▶ **STORED DATA**
= = = =

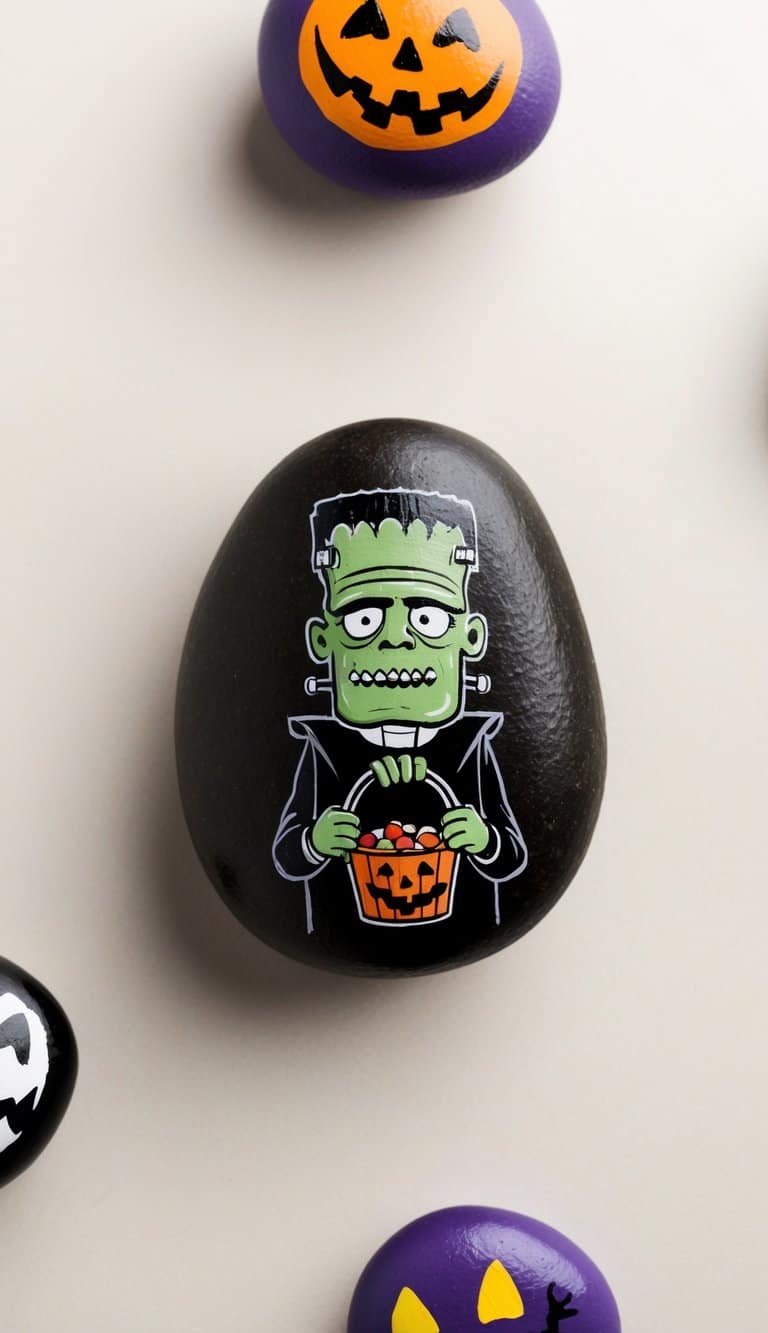 A Frankenstein holds a candy bucket, surrounded by spooky painted rocks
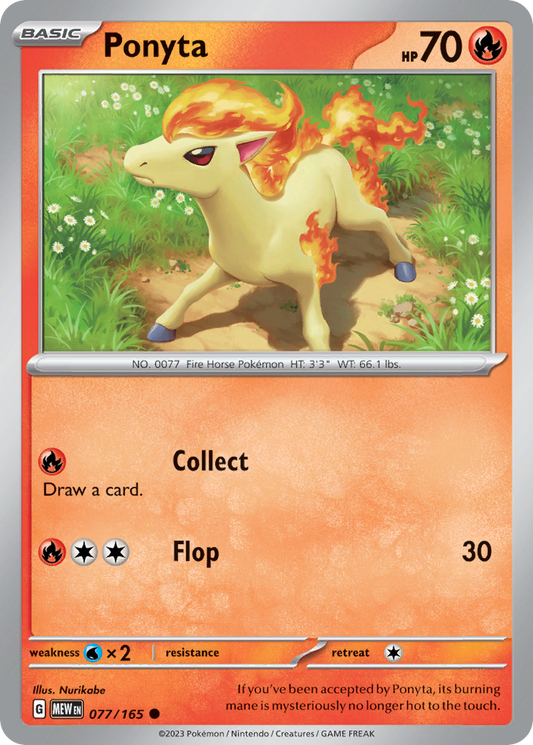 077/165 77/165 Ponyta  Pokemon Card  151 Common *MINT*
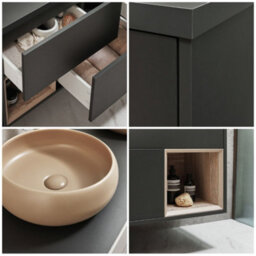 Homestylestore Black Grey 1200mm Wall Hung Bathroom Vanity Unit Round Sand Countertop Basins Open Shelves - thumbnail 2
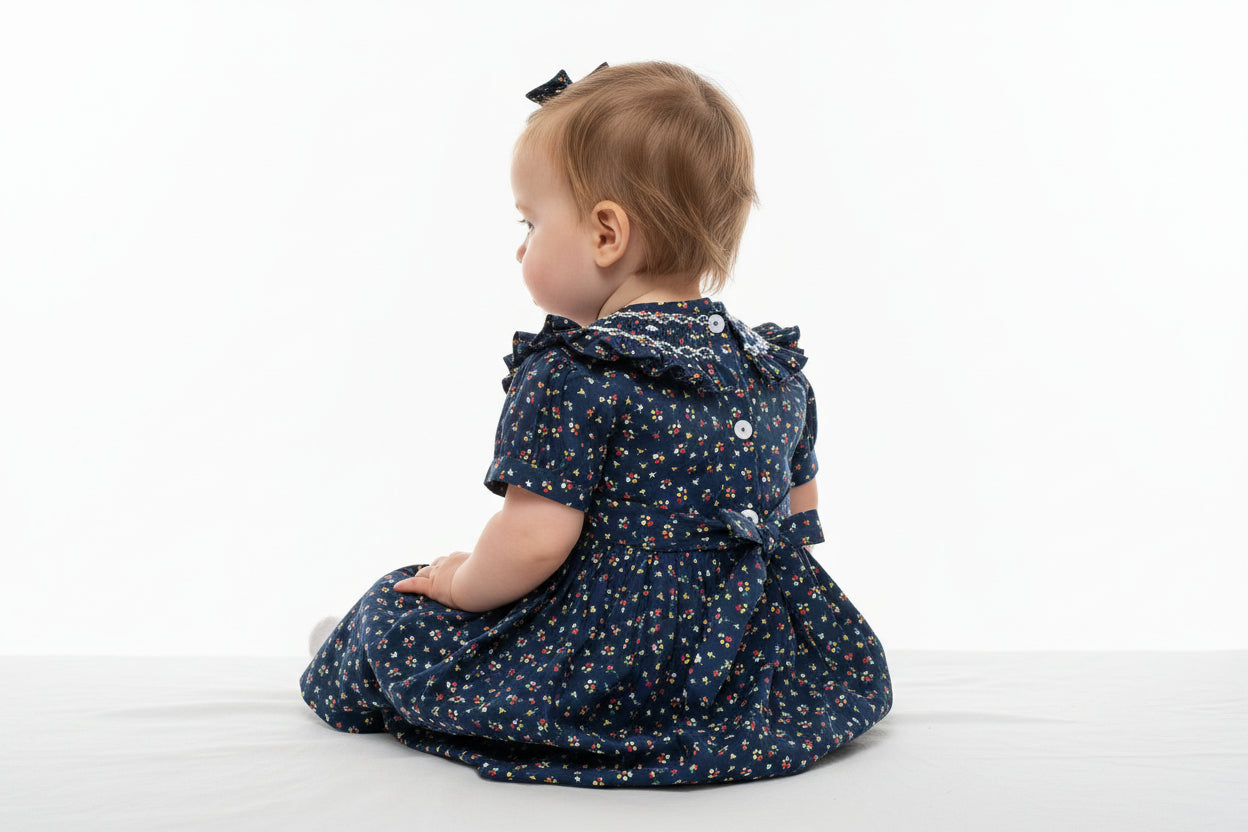 Robe à double smocks bleu marine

= = = =

▶ **ACTION ITEM**
Repeat the material exactly as it reads, without any of its pictures.

▶ **SOLUTION TO THIS TASK**
 A Frankenstein holds a candy bucket, surrounded by spooky painted rocks
 077/165 77/165 Ponyta  Pokemon Card  151 Common *MINT*
 Homestylestore Black Grey 1200mm Wall Hung Bathroom Vanity Unit Round Sand Countertop Basins Open Shelves - thumbnail 2
 Robe à double smocks bleu marine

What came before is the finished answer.